Tears and Flowers
A Poet of Migration in Old Key West
A bilingual edition of poetry that provides a unique window into Cuban émigré life
A rare glimpse into the history of the Cuban community in Key West in the early twentieth century, this book makes the poetry of Feliciano Castro available in English for the first time. A Galician Cuban who lived for decades in the southernmost city of the United States, Castro worked as a lector reading to cigar factory employees, a newspaper editor, a printer, and a writer. He published Lágrimas y flores, a collection of his poetry, in 1918. Translated here by Rhi Johnson, Castro’s poems provide a window into an overlooked literary culture.
Johnson and Joy Castro open this bilingual edition with an introduction detailing the writer’s biography, literary context, and cultural milieu. Tears and Flowers highlights questions of national identity, migration, belonging, and courtship in Cuban émigré society, connects Florida to the Spanish-speaking communities of the Caribbean and Spain, and recovers the literary archive of a rich moment in US and Latinx history for a contemporary audience.
Publication of this work made possible by a Sustaining the Humanities through the American Rescue Plan grant from the National Endowment for the Humanities.

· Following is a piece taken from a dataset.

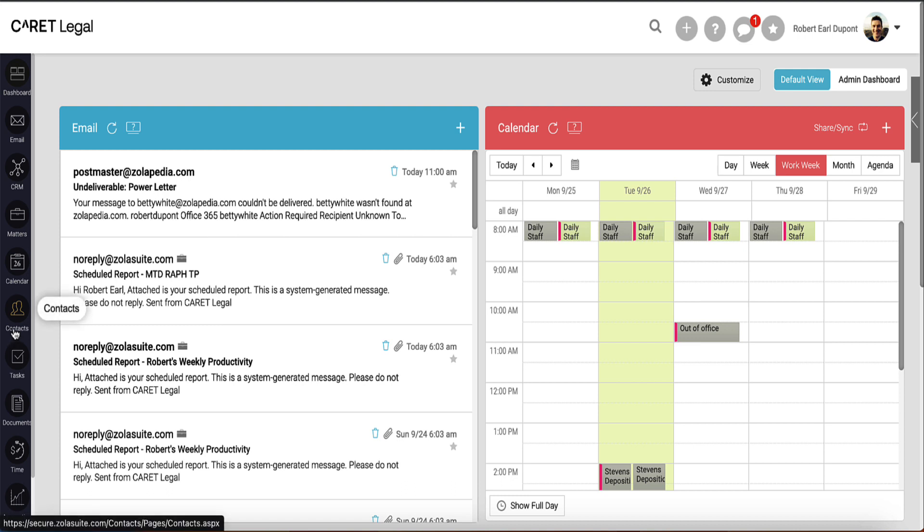Management of contacts will be covered in another video. This video has demonstrated how to create a person contact within Carrot Legal.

“These poems collectively constitute a vivid Rivera-esque mural of the place, time, and people in which and among whom they were written, bringing an early twentieth-century period in the history of Key West vividly to life.”—Esther Allen, translator of Antonio Di Benedetto’s Zama
“Offers readers an intimate glimpse into the life and work of a cigar factory reader and poet in Key West and Tampa. Castro’s poetry, like the man himself, straddles the Old World and the New, revealing with poignant elegance his nostalgia, love of country, wonder, and joy. Tears and Flowers opens a window onto a world long gone. Thanks to its thorough introduction and skillfully translated poems, we, too, can journey back to Castro’s time and experience what he saw and felt through his words.”—Kenya C. Dworkin y Méndez, coeditor of Spanish and Empire
Feliciano Castro (1892–1982) was a poet, printer, editor, and lector who was born in Galicia, raised in Cuba, and lived for over six decades in Key West. Joy Castro, Willa Cather Professor of English and Ethnic Studies at the University of Nebraska, is the author of many books, including One Brilliant Flame and Island of Bones. She is the granddaughter of Feliciano Castro. Rhi Johnson, assistant professor of Spanish at Indiana University, Bloomington, is the editor and translator of Because I Want to See the Sea: Poems by Rosalía de Castro.